When he says frivolity, he doesn't mean ha ha party time. He means it as in frivolous lawsuit. That's what you can get fined for, if you bring a meritless lawsuit. Here is a Utah case (a different circuit, but the idea is the same) where a judge ordered sanctions against the party bringing the lawsuit. It's near the end. Meritless claims are an abuse of the process, and both the party and the lawyer can be sanctioned. So, let's keep digging, until we win. He's saying we're making a difference. I was sure you'd want to know this, outside of Utah, that is.

It's DiDiotic Time

Here's my all-time favorite quotation from our favorite "analyst":

"'Linux says it is free and it is open, but it has not stepped up to the plate and said how much it costs,' says Laura DiDio, an analyst with The Yankee Group.

"She says her research shows that one-tenth of one percent in difference on reliability from one operating system platform to another can result in an additional 63 hours of downtime and generate US$700,000 to $3.5 million in additional support and administration costs depending on the size of an organization."

Heh heh. She's a riot, Ms. DiDio. How much it costs? Downtime? If MS now plans to argue that we should use their products instead of GNU/Linux to avoid downtime costs, the end of the world must be nigh, for sure. At least lightning from heaven ought to strike them. Of course, standing so close to MS as she does, the lovely and tireless Ms. DiDio might be struck, too... hmm, we can't have that. She's so funny, I'd actually miss her.

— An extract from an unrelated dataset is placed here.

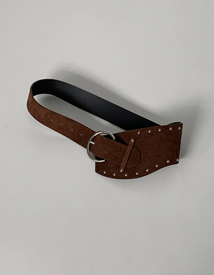 Mocha stud suede belt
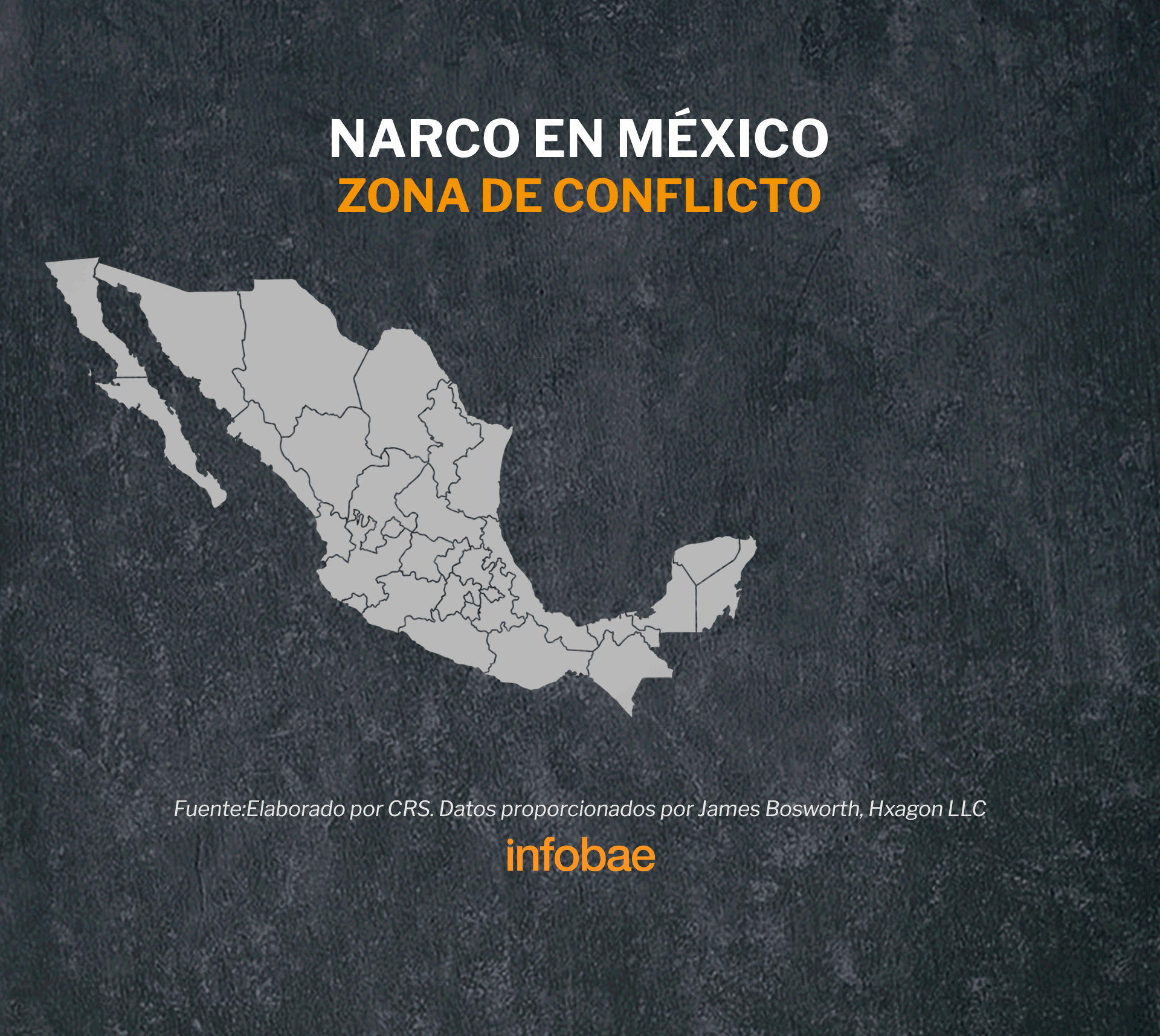 Estas son las zonas de conflicto de los diferentes cárteles de la droga en México, según un documento del Congreso de los EEUU. Gráfico: Infobae México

Downtime costs, of all things to choose to research -- the single least likely to convince of all the topics in the universe in any discussion about the comparative merits of Windows and GNU/Linux. Are analysts not allowed to try GNU/Linux, I wonder? They're allowed to read freely, though, aren't they, to find out what's going on and all? Maybe she didn't get to read about the two Windows security flaws just this week, speaking of down time. She actually gets paid for this research. And I'm doing all of mine for free. Hmmm. There does seem to be an imbalance in the universe.

Gartner is my second favorite, and here's their latest, which certainly deserves an Honorable Mention in funny:

"LINUX penetration within Australian enterprises may reach 90 per cent within three years, but it will remain a niche technology, with only 10 to 15 per cent of IT infrastructure running on the open source software, according to Gartner.

"According to a survey of 121 large Australian companies, about 52 per cent of businesses now use Linux in their server environment - up from 39 per cent last year. Australian companies follow Taiwan in being the Asia Pacific region's highest adopters of the technology."

Now, when I read that, after I wipe away the tears of laughter so I can see, I read that Linux is growing in Australia, compared with last year. The headline? "Linux to Remain Niche: Gartner". It's to laugh. I've written headlines in my time, and I'd never have come up with that one from that story.

Meanwhile, an IBM spokesman compares open source to a tidal wave and says they have customers flocking to them:

"'The tsunami of open source, it's definitely coming now,' he said. 'It's no longer a glimmer in someone's eye as it was 10 years ago. It's real, and it's real for business.'"

Of course, that's PR, but it tells me that the legal team isn't concerned, and the word now is Go. Their legal analysis is complete. And they are not backing down. Remember how SCO's complaint quotes IBM people? The fact that they are silent no more tells me they aren't worried. I am really starting to look forward to their legal filing, probably some time this week.


I just learned that Sun's Jonathan Schwartz, of all people, is going to speak there. So, if you're goin' to San Francisco, ask him about Linux being "irrelevant" and let me know what he says, will you?